START RAW DATA

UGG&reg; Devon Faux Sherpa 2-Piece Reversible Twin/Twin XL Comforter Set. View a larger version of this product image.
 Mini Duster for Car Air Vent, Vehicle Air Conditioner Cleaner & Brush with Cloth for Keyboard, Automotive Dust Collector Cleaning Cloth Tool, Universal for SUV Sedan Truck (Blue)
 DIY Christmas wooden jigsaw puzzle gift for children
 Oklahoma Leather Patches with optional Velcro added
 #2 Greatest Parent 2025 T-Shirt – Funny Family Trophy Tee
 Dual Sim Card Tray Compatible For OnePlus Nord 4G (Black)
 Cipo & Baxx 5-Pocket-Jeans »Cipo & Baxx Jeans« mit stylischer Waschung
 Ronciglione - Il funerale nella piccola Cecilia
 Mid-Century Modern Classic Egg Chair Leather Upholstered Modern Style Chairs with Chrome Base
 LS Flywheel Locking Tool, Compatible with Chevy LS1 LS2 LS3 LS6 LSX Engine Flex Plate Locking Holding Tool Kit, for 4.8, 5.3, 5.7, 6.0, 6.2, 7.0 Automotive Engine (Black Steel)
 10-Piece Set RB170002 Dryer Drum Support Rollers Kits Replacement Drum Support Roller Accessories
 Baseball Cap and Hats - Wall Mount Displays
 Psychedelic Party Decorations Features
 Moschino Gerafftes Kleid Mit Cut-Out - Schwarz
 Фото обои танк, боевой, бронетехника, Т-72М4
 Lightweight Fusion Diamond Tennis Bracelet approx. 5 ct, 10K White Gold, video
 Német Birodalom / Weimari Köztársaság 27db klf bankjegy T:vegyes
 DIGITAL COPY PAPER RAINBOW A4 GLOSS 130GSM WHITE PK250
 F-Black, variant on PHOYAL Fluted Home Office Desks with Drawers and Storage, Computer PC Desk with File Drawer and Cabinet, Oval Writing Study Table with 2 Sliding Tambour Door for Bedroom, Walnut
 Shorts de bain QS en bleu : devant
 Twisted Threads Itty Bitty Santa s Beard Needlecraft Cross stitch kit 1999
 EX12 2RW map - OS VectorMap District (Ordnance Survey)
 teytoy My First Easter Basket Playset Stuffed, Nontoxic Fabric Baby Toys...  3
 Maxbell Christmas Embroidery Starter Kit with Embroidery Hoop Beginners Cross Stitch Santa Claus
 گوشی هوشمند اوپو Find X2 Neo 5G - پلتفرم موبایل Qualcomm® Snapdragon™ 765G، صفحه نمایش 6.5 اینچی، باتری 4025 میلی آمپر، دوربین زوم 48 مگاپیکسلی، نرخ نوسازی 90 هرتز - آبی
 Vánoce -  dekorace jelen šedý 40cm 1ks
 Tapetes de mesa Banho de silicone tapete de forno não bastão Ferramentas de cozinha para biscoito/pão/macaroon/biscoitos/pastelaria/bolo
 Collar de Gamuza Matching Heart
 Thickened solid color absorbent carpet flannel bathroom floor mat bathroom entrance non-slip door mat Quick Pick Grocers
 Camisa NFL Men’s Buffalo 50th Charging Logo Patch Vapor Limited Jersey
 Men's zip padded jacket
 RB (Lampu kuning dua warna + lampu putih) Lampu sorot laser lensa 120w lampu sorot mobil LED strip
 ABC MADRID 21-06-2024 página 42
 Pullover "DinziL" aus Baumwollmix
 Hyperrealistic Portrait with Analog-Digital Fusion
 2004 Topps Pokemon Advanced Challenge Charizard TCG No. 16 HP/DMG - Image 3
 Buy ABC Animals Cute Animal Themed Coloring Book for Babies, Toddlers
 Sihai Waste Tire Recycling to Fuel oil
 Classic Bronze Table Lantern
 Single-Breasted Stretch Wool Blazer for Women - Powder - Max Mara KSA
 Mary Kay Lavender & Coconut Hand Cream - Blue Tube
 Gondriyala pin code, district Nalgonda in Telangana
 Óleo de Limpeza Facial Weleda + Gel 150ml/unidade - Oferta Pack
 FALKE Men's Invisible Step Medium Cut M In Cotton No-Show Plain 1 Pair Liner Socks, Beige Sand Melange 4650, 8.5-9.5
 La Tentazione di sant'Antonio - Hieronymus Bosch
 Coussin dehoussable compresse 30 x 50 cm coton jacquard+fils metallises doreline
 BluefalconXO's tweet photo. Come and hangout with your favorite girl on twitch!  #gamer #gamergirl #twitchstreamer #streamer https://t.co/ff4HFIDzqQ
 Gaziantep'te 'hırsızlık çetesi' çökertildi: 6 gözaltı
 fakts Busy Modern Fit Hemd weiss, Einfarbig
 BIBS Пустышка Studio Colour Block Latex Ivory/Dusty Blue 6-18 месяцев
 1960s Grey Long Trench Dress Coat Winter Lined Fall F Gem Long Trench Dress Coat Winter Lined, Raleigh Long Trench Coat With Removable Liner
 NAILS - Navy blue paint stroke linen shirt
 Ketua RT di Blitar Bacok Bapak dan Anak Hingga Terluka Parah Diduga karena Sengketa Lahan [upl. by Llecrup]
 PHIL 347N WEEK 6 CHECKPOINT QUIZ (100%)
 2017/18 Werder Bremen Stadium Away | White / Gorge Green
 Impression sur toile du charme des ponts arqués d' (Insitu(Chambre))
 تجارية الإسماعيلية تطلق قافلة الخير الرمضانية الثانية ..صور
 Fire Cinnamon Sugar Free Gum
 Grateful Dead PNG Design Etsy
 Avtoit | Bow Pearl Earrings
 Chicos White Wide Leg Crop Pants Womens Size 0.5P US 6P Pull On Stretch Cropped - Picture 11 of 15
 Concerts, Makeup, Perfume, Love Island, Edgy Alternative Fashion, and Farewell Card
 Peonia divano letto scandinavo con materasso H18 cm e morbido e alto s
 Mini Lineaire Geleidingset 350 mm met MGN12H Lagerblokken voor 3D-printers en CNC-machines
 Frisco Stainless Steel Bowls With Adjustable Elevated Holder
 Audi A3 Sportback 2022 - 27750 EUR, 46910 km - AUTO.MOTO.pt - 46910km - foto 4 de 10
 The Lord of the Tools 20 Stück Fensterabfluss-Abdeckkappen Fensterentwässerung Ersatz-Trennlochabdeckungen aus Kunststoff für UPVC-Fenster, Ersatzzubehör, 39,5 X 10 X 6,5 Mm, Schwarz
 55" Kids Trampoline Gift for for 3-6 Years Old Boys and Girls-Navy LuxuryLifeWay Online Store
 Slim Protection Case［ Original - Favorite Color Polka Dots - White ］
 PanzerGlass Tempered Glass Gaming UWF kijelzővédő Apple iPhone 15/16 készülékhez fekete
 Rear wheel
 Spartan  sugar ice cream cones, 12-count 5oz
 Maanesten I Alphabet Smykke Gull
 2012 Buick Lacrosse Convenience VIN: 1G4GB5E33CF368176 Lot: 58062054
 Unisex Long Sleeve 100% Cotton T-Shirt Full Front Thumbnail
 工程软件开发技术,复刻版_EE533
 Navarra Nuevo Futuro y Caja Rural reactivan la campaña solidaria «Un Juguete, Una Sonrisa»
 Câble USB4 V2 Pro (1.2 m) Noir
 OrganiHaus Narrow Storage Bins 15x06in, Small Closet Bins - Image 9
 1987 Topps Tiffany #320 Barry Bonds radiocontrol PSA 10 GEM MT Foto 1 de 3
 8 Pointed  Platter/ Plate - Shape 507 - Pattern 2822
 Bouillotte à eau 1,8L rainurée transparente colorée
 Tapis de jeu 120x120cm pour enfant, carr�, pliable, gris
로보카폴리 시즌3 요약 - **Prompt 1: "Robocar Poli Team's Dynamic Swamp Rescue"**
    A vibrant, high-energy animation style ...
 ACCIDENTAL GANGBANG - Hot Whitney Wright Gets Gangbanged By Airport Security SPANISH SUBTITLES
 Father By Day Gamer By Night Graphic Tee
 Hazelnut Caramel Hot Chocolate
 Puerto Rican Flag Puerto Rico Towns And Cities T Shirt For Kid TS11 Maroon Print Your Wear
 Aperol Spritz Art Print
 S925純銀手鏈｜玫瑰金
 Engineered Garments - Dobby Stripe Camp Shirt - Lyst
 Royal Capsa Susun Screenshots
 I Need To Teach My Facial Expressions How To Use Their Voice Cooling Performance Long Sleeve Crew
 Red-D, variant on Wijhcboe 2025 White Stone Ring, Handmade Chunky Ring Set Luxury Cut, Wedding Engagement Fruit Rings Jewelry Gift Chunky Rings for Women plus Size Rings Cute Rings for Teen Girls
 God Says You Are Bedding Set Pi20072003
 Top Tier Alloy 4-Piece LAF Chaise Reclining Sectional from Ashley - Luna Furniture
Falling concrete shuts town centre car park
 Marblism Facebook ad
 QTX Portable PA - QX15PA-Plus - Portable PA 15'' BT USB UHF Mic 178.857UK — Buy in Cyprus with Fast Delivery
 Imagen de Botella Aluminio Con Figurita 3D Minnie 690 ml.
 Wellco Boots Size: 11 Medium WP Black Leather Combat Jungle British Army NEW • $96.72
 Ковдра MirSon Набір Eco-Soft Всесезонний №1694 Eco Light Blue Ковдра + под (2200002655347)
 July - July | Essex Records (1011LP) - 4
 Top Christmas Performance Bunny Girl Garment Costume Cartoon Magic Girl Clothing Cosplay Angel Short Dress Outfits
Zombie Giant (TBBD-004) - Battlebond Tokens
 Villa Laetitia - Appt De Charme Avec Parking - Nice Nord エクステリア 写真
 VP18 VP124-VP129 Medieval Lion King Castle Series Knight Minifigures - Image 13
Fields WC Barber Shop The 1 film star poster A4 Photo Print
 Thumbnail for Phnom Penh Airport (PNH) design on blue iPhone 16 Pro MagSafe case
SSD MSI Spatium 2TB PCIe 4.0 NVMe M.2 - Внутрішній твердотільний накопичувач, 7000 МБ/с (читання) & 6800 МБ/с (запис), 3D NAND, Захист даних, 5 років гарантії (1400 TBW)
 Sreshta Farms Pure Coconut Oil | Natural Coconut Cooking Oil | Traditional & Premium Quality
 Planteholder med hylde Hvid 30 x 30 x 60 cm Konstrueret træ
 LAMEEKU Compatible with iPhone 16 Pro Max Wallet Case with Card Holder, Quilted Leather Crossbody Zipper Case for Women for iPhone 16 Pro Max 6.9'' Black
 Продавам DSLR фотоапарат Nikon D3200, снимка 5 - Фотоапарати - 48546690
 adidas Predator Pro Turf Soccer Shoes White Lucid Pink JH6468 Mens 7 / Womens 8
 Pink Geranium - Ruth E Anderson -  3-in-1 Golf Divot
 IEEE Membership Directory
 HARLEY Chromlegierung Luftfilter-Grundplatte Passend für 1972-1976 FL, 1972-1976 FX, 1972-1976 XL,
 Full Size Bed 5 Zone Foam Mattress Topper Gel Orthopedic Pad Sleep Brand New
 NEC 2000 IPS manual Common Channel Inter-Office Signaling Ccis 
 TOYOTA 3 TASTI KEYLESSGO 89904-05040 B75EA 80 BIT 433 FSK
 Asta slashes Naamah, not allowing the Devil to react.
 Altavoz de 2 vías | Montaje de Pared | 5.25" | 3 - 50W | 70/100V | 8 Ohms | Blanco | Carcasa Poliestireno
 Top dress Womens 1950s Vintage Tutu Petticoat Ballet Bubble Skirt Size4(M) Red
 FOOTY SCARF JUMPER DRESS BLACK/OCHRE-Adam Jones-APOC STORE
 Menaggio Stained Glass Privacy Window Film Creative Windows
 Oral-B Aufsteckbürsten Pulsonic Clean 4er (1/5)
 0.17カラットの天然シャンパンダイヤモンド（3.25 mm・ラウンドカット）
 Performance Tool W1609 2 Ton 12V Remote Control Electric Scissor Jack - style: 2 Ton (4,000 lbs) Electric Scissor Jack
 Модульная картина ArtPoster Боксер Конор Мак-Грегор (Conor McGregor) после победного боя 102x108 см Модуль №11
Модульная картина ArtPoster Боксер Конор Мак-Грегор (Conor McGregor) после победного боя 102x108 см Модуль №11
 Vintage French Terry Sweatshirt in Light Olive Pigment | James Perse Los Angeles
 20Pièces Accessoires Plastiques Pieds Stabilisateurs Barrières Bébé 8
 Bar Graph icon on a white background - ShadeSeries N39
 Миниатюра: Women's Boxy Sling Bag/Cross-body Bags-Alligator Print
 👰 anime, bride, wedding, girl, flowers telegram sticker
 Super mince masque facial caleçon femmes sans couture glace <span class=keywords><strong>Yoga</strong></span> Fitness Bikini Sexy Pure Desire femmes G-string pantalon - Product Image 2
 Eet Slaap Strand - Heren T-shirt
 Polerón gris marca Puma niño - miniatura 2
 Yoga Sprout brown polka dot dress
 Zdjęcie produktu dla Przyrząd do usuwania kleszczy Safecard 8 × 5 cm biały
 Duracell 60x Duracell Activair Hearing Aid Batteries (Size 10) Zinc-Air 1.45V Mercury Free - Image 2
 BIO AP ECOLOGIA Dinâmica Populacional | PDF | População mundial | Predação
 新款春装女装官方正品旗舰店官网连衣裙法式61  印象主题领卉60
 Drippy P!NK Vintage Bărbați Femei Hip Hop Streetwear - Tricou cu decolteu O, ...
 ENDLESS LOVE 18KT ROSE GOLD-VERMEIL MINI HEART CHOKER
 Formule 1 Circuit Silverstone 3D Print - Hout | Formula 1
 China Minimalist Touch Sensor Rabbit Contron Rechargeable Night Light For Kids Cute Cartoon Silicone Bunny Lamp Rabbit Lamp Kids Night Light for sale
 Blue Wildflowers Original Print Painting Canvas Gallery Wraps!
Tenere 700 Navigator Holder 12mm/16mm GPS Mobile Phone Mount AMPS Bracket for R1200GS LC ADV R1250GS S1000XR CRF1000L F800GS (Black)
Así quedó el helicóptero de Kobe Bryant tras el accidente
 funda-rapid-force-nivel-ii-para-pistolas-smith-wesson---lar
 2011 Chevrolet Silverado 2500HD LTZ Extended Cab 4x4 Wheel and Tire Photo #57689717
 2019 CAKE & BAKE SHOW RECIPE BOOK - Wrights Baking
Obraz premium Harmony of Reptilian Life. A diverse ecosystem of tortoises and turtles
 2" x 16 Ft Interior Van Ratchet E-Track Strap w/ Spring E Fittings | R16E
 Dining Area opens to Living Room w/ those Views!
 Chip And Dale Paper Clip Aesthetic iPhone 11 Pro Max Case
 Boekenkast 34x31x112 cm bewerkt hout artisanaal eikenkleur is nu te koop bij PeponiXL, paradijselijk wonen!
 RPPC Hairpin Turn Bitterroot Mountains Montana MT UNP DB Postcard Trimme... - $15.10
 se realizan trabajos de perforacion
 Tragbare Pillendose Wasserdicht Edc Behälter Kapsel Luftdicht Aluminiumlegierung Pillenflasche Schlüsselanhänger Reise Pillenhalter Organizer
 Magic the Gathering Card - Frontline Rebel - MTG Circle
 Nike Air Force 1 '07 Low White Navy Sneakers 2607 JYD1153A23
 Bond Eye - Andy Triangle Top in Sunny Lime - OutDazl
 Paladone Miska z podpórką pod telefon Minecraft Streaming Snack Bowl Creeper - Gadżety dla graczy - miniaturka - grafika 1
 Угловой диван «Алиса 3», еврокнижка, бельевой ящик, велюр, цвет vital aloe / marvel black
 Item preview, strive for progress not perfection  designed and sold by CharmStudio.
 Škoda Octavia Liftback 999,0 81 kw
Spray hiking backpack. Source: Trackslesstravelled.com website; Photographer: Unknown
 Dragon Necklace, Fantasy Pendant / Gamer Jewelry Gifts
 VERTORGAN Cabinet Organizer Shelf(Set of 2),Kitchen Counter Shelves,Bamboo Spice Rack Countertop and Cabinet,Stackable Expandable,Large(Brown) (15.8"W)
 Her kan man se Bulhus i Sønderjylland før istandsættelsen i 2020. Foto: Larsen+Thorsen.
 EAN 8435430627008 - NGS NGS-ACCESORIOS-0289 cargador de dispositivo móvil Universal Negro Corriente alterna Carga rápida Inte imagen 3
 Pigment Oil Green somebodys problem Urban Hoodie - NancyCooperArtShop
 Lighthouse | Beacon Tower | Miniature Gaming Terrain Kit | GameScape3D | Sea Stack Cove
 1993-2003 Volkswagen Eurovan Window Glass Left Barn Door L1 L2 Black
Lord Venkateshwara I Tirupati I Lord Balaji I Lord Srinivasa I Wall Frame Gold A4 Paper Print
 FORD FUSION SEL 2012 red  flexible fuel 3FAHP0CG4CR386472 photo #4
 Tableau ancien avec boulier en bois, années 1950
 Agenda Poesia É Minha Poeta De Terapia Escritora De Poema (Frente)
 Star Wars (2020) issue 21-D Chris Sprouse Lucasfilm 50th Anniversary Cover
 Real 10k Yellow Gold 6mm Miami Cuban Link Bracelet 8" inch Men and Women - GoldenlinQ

END RAW DATA

| PROBLEM DETAILS |
Which lines of the records above contain the word "Gaming"? Report each one in full.

| ANSWER SECTION |
 PanzerGlass Tempered Glass Gaming UWF kijelzővédő Apple iPhone 15/16 készülékhez fekete
 Lighthouse | Beacon Tower | Miniature Gaming Terrain Kit | GameScape3D | Sea Stack Cove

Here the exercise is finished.